Hi Sean,
Generally, one does not need to rebuild any code that is being linked into sanitized code.
However, there is one corner case in C++ container overflow checking, where this might not always hold. Specifically, if libc++ containers cross from instrumented (rebuilt with ASan) to non-instrumented code, Address Sanitizer might report container overflow false positives. (Imagine two libraries, both using the same std::vector, only one of them is instrumented. Push_back from the non-instrumented module will not mark the memory for the newly added element as valid.

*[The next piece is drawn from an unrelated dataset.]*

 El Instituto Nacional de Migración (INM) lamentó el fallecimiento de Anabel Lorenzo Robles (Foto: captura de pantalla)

Accessing the element from the instrumented code, would trigger a false positive report.) From: Sean McBride <email@hidden> Date: January 22, 2016 at 8:26:00 AM PST To: email@hidden Subject: Address Sanitizer and out-of-project libraries
Hi all,
My understanding of ASan (from before Xcode finally included it) was that if you wanted to build with ASan, *all* the code you link to has to be built with it. Is that still the case?
My Xcode project contains most of my code, but also contains some .a and .dylib files build with cmake or autotools. Must I rebuild those with ASan too?

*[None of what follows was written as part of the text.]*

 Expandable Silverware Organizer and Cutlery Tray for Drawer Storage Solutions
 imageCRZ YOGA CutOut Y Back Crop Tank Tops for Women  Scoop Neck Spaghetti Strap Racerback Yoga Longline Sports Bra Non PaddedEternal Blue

It doesn't seem to be required, but I am seeing freaky crashes in libc++ with ASan turned on via only Xcode's checkbox.
What do these crashes look like? Are they C++ container overflow reports?
Please, file a radar and provide us with more information about your project, the libraries you link against, and the crashes you are seeing. Attaching a project that would allow us to reproduce the issue would be the most helpful.